Zinc-finger antiviral protein (ZAP) is a crucial host restriction factor that recognizes CpG dinucleotides in single-strand RNAs, yet its role in double-stranded RNA (dsRNA) virus replication remains uncharacterized. Here we demonstrate that ZAP broadly inhibits dsRNA viruses, including bluetongue virus (BTV) serotypes and epizootic hemorrhagic disease virus (EHDV), but not rotavirus (RV). Using BTV as a model, we reveal that ZAP inhibits replication via two mechanisms: 1) ZAP interacts with eukaryotic translation elongation factor 1A to block elongation during viral protein synthesis and 2) it binds preferentially to negative-sense RNA strands to stimulate their degradation. Additionally, BTV-NS1, encoded by segment 5, antagonizes ZAP by impairing its RNA-binding ability. Notably, synonymously CpG enrichment in BTV segment 5 significantly attenuated viral replication both in vitro and in vivo. Together, these findings uncover a dynamic interplay between ZAP and dsRNA viruses and suggest CpG-elevated BTV as a potential live attenuated vaccine candidate.

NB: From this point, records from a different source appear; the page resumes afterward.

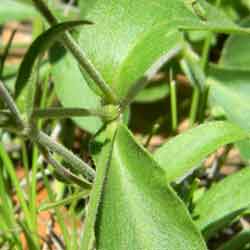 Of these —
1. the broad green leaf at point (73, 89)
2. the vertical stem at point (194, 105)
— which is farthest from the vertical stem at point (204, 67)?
the broad green leaf at point (73, 89)

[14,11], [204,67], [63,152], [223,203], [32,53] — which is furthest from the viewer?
[14,11]

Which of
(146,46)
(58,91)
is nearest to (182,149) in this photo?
(146,46)

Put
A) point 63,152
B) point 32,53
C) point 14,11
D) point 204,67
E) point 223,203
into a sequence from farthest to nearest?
point 14,11
point 204,67
point 223,203
point 63,152
point 32,53

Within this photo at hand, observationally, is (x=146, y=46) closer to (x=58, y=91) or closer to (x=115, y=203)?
(x=115, y=203)

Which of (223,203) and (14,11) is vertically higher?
(14,11)

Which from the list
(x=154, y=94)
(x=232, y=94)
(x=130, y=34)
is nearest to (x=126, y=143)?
(x=130, y=34)

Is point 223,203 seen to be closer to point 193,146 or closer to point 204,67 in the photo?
point 193,146

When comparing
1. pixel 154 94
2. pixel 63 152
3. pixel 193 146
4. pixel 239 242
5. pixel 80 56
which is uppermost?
pixel 80 56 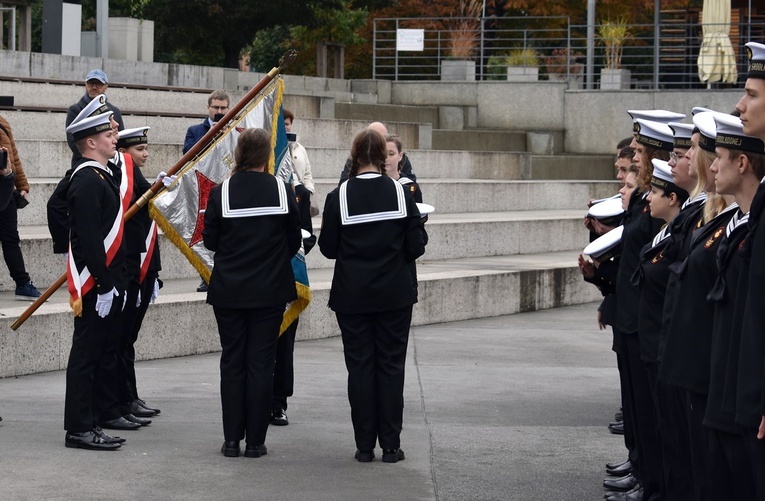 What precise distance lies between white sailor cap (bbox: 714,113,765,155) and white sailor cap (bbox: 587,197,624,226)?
9.76ft

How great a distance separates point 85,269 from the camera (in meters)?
7.20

锌指抗病毒蛋白（Zinc-finger Antiviral Protein, ZAP）是一类关键的宿主限制因子，可识别单链RNA中的CpG二核苷酸（CpG dinucleotides），但其在双链RNA（double-stranded RNA, dsRNA）病毒复制过程中的功能仍未被系统阐明。本研究证实，ZAP可广谱抑制蓝舌病毒（bluetongue virus, BTV）各血清型、流行性出血病病毒（epizootic hemorrhagic disease virus, EHDV）等双链RNA病毒的复制，但对轮状病毒（rotavirus, RV）无效。以蓝舌病毒为模型，本研究揭示了ZAP通过双重机制抑制病毒复制：其一，ZAP与真核翻译延伸因子1A（eukaryotic translation elongation factor 1A）相互作用，阻断病毒蛋白合成过程中的翻译延伸阶段；其二，ZAP优先结合负链RNA链（negative-sense RNA strands），促进其降解。此外，由BTV第5基因组节段编码的BTV-NS1蛋白可通过削弱ZAP的RNA结合能力，拮抗其抗病毒活性。值得注意的是，通过同义突变提升BTV第5基因组节段的CpG富集水平，可显著减弱病毒在体外及体内的复制能力。综上，本研究揭示了ZAP与双链RNA病毒之间的动态互作关系，并提示CpG富集型BTV有望成为潜在的减毒活疫苗候选株。